Ruins of the Unmuseum

Mike GristCanada, Greece, Iraq, World Ruins 1 Comment

The Unmuseum (AKA the Museum of Unnatural Mystery) is like an online Ripley’s Believe It or Not, stuffed full of myth, ruin, and intrepid history ranging from tales of pterosaurs in Texas to mechanical computers built before the birth of Christ.

It’s the perfect place for armchair Indian Joneses, or thriller writers seeking the next Dan Brown conspiracy plot.

Site curator and author Lee Krystek has been building his unmuseum online for well over 10 years. Back in 2000 it got some great reviews and was listed in a top 50 best sites list by Popular Science, however it’s look hasn’t been updated since then. While its stories are as fascinating as ever, its graphics and layout could use a refresh.

Serviceable but a little hokey…

Here are excerpts from a few of its most fascinating stories of ruin:

The Antikythera Mechanism

A mechanical computer that existed two-thousand years before the age of electronics. Who built it?

Krystek tells each story from its adventuresome beginning to long-sought-after conclusion, which really gets you involved in chasing the mystery down through time. In this case the story begins with a deep sea dive to recover artifacts from a shipwreck:

One of the less impressive finds was the lump of material that Stais was looking at. It appeared to be a mass of wood which was now decaying since it had been brought to the surface and started drying out. The rot seemed to have exposed something that Stais hadn’t seen before: a bit of metal. Not just a bit of metal, a bit of metal that was round with teeth. A gear. Stais couldn’t believe his eyes. A metal gear from a shipwreck before the birth of Christ? What was this thing?
What Stais had stumbled upon was the remains of one of the world’s oldest-geared devices – an analog computer – almost two millennia in age. Over the next century it would upset the archeological world’s understanding about the kind of technology the ancients were capable of producing.

Text and image from the Unmuseum. See the full story here.

The Mystery Pit of Oak Island

It was because of my post 7 huge holes in the Earth that I first learnt of the Unmuseum, as one of its curators/fans shared a link to the Oak Island Mystery Pit.

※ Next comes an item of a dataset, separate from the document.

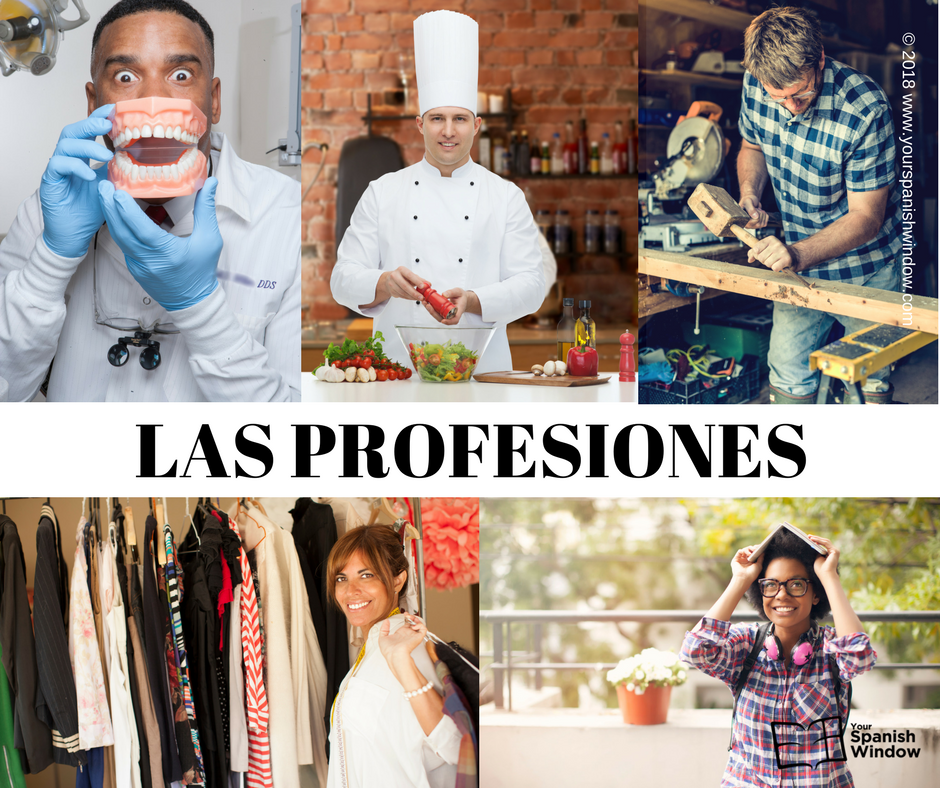 Kennst Du Die Spanische Berufsbezeichnungen Businessalltag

I took a look, and got hooked. Just reading about the search for incredibly well-hidden treasure, as yet still unfound, made me want to up sticks and head out to get digging myself.

A young man spots a depression in the land with a hanging marker above it, and on a whim decides to dig for treasure with his friends.

The island McGinnis, Smith and Vaughan were on was one of 300 small isles in the Mahone Bay, Nova Scotia, Canada. It was peanut-shaped and about three-quarters of a mile long and 1,000 feet wide.
Cutting away the smaller trees, the three young men started digging in the depression. After two feet they hit a floor of carefully laid flagstones. This type of slate was not found on the island and the group figured it had been brought there from about two miles north. Below the stones they saw that they were digging down a shaft that had been refilled. The walls of the shaft were scored with the marks of pick axes, more evidence that this structure was the work of men.
At the ten foot level they hit wood. At first the group figured they’d hit a treasure chest, but quickly realized that they had found a platform of oaken logs sunk into the sides of the shaft. Pulling up the logs they discovered a two-foot depression and more of the shaft. Continuing to dig, they finally reached a depth of twenty-five feet. At that depth they decided they could not continue without more help and better planning. Covering the pit over, they left. One thing the three were sure of, though, was that something must be at the bottom of the pit. They concluded that nobody would have gone to the trouble of digging a shaft deeper than 25 feet unless he had something very valuable to hide.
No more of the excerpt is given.